▸ **Work item**:
From the entries below, write out exactly the lines between the line holding "White Diamond Tintcoat" and the line holding "Used Nissan Qashqai", inclusive, excluding any pictures.

▸ **Entries provided**:

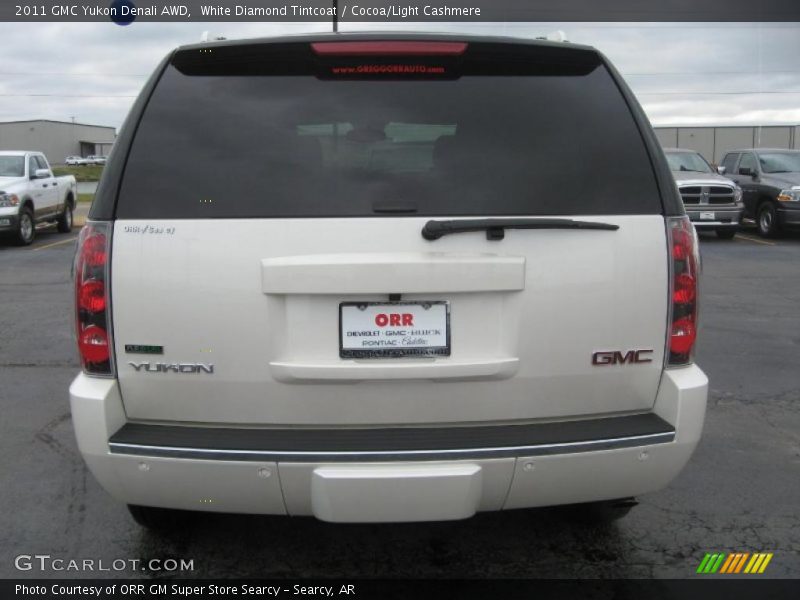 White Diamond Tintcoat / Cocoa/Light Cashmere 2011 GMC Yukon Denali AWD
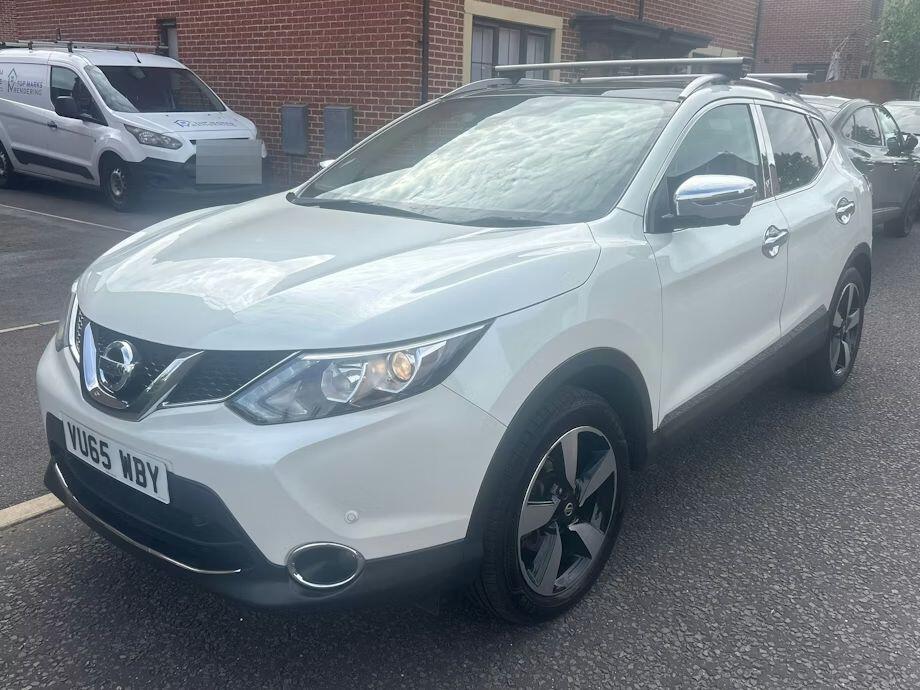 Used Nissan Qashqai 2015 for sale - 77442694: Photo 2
--
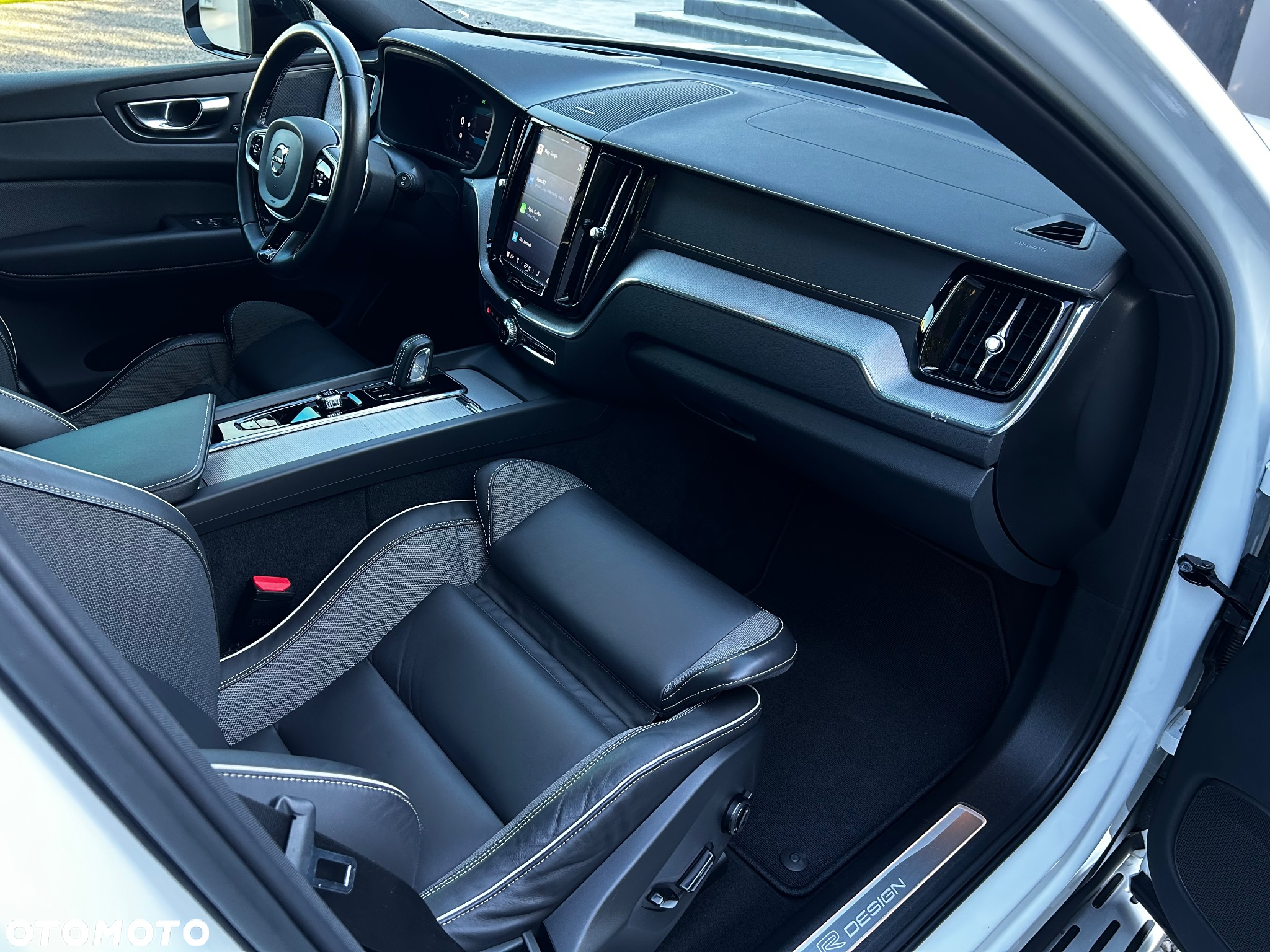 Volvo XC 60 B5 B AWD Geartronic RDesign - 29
--
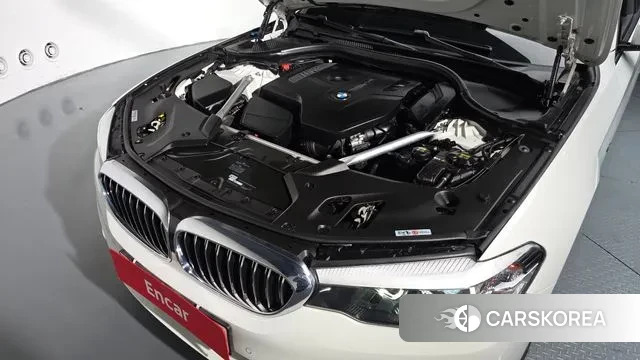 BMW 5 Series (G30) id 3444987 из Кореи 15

▸ **Answer box**:
 White Diamond Tintcoat / Cocoa/Light Cashmere 2011 GMC Yukon Denali AWD
 Used Nissan Qashqai 2015 for sale - 77442694: Photo 2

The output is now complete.